Emma: nel mio nuovo album non indosso più armature

È uscito ieri “Souvenir” della cantante salentina, da novembre il tour nei club «La mia cosa migliore nel periodo peggiore, ma in realtà il disco non è concluso»
Come un pugile che cambia modo di combattere sul ring, Emma prova a modificare i passi, abbassa la guardia per sentirsi più libera di muoversi in tutte le direzioni. All’inizio del nuovo round si presenta con Souvenir, album uscito ieri, tra consapevolezza e un profondo respiro.
«È un disco nel quale depongo completamente le armi», racconta Emma, «ma non in senso di resa, tutt’altro. Semplicemente non voglio più indossare un’armatura solo per paura di ferirmi». Per farsi il fiato, questa volta l’allenamento è stato il viaggio, tanto quello geografico in luoghi differenti che hanno visto nascere le idee per le 9 canzoni in scaletta, da Iniziamo dalla finw alla bonus track Taxi sulla luna, quanto quello mentale. «Il disco parte da dentro, dal mio cervello», spiega la voce delle nuove Amore cane (con Lazza) e Mezzo mondo, «ma è stato concepito on the road, perché l’ho praticamente scritto in macchina, viaggiando. Il tutto era iniziato sul Lago di Garda, poi c’è stato uno stop drastico a causa di quello che mi è successo (la scomparsa del padre, ndr). Quando sono tornata in studio è stato un combattimento, ma anche una serie di dialoghi cuore a cuore con autori e produttori. Forse ho fatto la mia cosa migliore nel periodo peggiore». Le canzoni di Souvenir sono anche il mezzo che consente ad Emma di sperimentare un nuovo modo di confrontarsi con la sua arte ma anche con la vita in generale.
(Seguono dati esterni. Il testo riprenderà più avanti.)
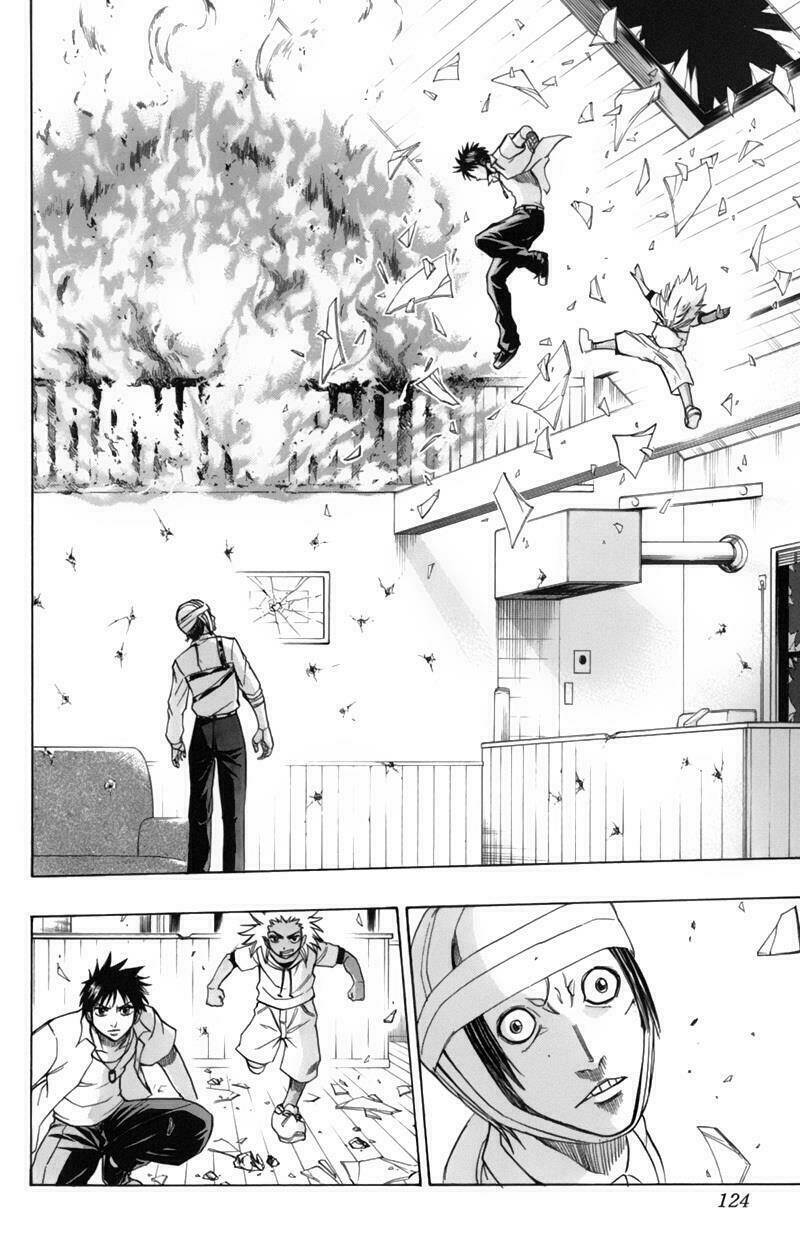 Móng Vuốt: Chapter 50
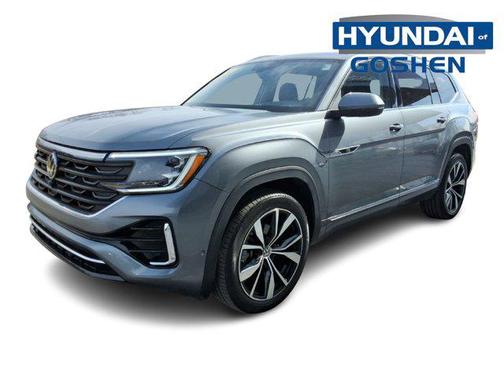 2024 Volkswagen Atlas 2.0T SEL Premium R-Line 4MOTION
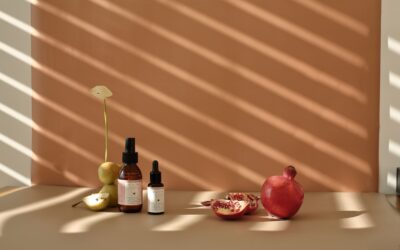 Otoño y belleza: Alimentos antioxidantes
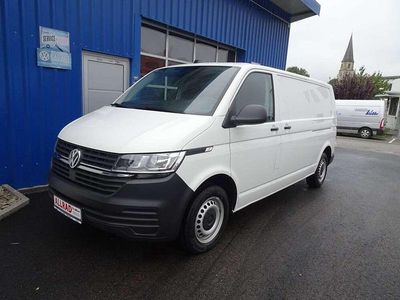 gebraucht VW T6.1 Transporter LR 2,0TDI 4-Motion 2x Schiebetür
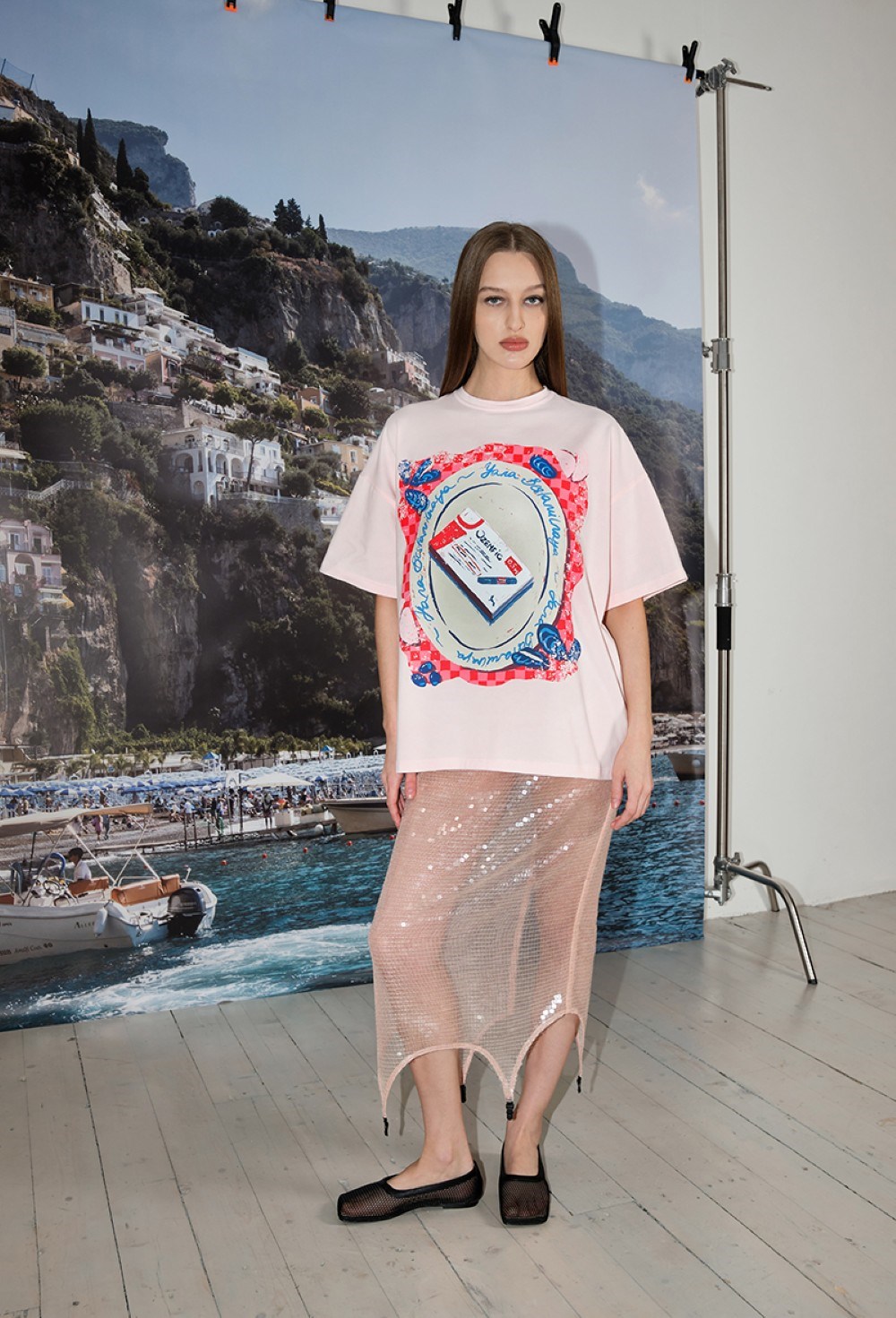 T-shirt - photo 51522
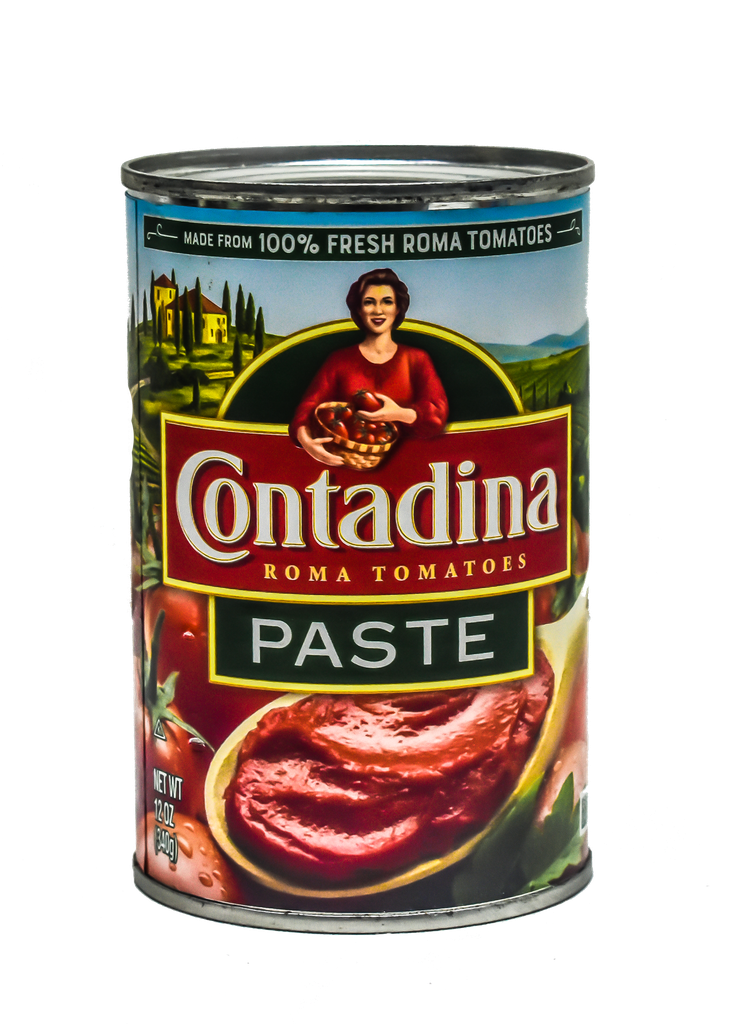 Pasta de tomate marca Contadina (340 g)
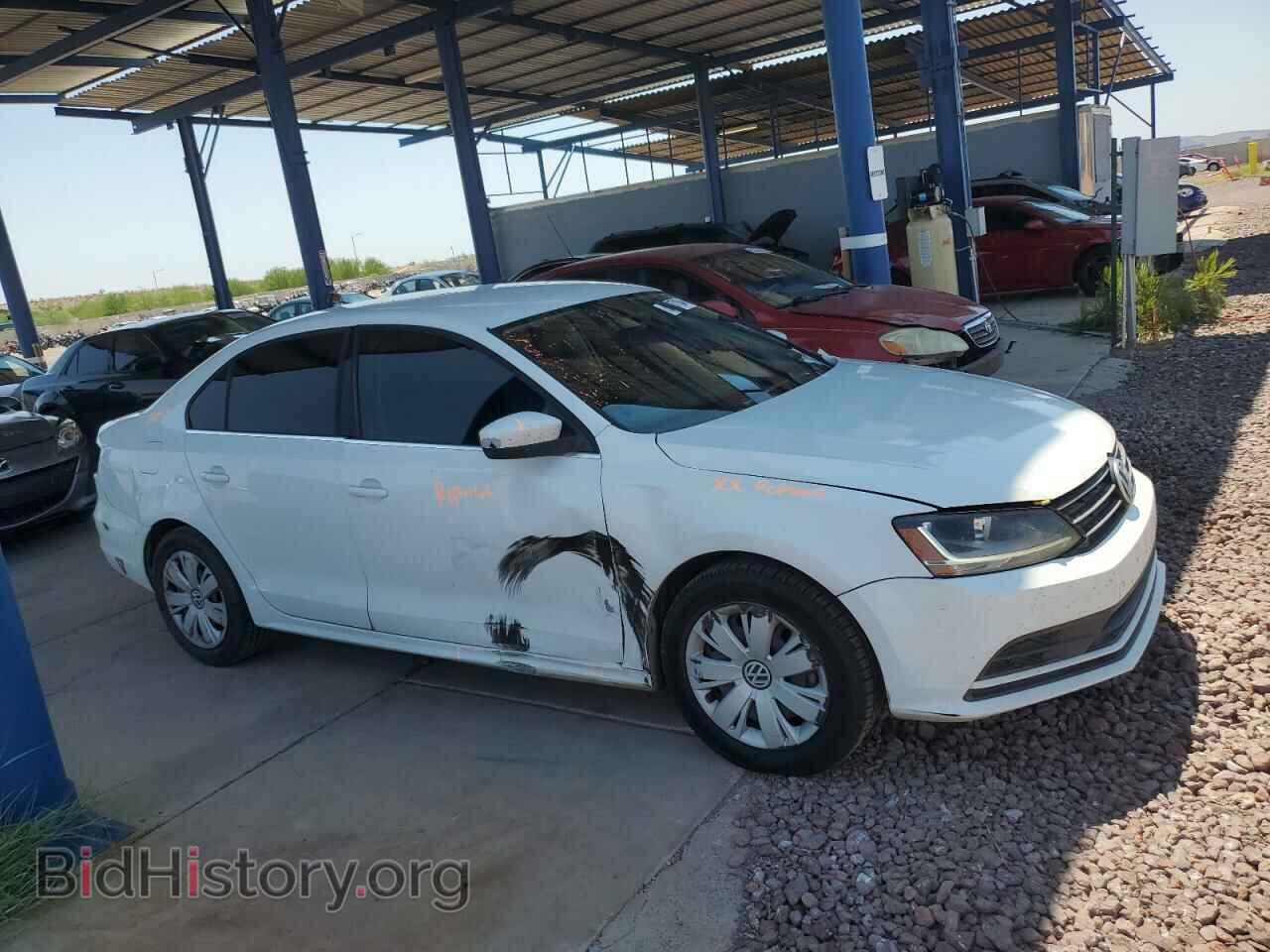 2017 VOLKSWAGEN JETTA - VIN: 3VW2B7AJ4HM315375 - Фото 3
Guantoni ben saldi, ma non solo per difendersi o colpire prima di essere colpiti, quanto per vedere come si sta, sul medesimo ring, con una tecnica differente. «Non ho aspettative», aggiunge l’artista, «e non ne voglio avere. La vita ti cambia e ti insegna quali sono le cose importanti. Io, tanto nella vita personale quanto in questo album, sono proprio un’altra persona. Non faccio più dischi con l’intenzione di dimostrare qualcosa, ma per fare la musica che mi piace. Sono una cantante ed è l’unica cosa che mi viene un po’ bene nella vita». Più che un disco, è un diario di viaggio, con una partenza ben definita ma un punto di arrivo non per forza già scritto, come nei viaggi, quelli veri. «C’è un inizio preciso e uno svolgimento», racconta Emma, «ma in realtà il disco non è finito. La partenza è Mezzo Mondo, la canzone che mi ha rimesso in piedi e con cui ho voluto dire chiaro che ci si può perdere nella vita, ma anche ritrovarsi. Questo disco è l’antipasto, poi vediamo cosa succede». Le canzoni dell’album, compreso lo spartiacque Intervallo dedicata al padre tra rabbia e dolcezza, saranno protagoniste del Souvenir In Da Club, tour nell'intimità dei club, con 18 appuntamenti e partenza il 10 novembre.